Some Sin, Some Lose
David Gibson’s excellent article “The Cardinal’s Sins” [February 5] helped me understand the complex personality traits of Cardinal Edward Egan. Egan’s whole life can be summed up as “the good soldier just following orders.” Unfortunately for thousands of children abused by Catholic priests, this meant following the long-standing Church policy of moving predator priests from parish to parish instead of contacting law enforcement. As a result, many innocent lives were harmed beyond measure.
—David Cerulli, Manhattan
An item not mentioned about Cardinal Edward Egan was that while serving the Bridgeport diocese, he argued in court documents, in cases involving pedophile priests, that said priests were independent contractors and hence the diocese bore no responsibility for their actions. Arguably, this could be one of his “sins.”

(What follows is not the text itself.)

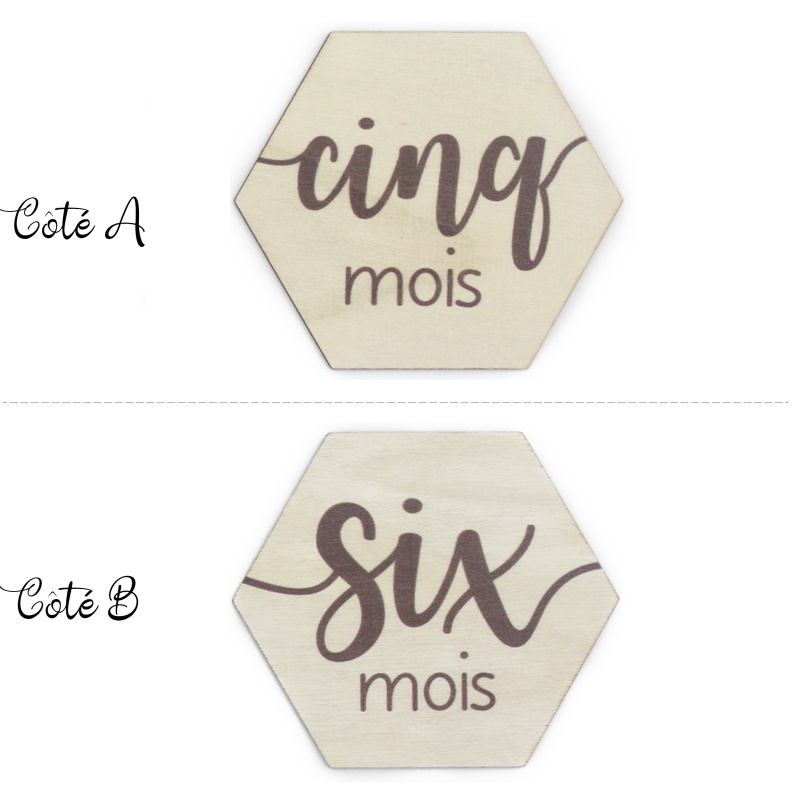 Bộ Thẻ Ảnh Đánh Dấu Cột Mốc Tháng Hai Mặt Dành Cho Bé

—Conrad Rutkowski, Pomona, N.Y.
Thank you, David Gibson, for your fair assessment of the conditions in our archdiocese. That our priests think they will have nowhere to turn if falsely accused saddens me. If given the chance, we the laity will support and defend every priest of integrity.
—Penny Gonzeles ,Yorktown Heights, N.Y.
(Don’t) Save the Cheerleader
I’d like to point out George Bush’s role as cheerleader [“The Loneliest President,” February 5]. I was a cheerleader, and we were taught that no matter how bad things looked, the team—and the crowd—depended on us to keep their spirits up. The football score could be 49-0, and we were to keep cheering our boys on; it was our job. Unfortunately, Bush is still playing this role, the only difference being when the final whistle blows at a sporting event, the losing team is usually alive to play another day.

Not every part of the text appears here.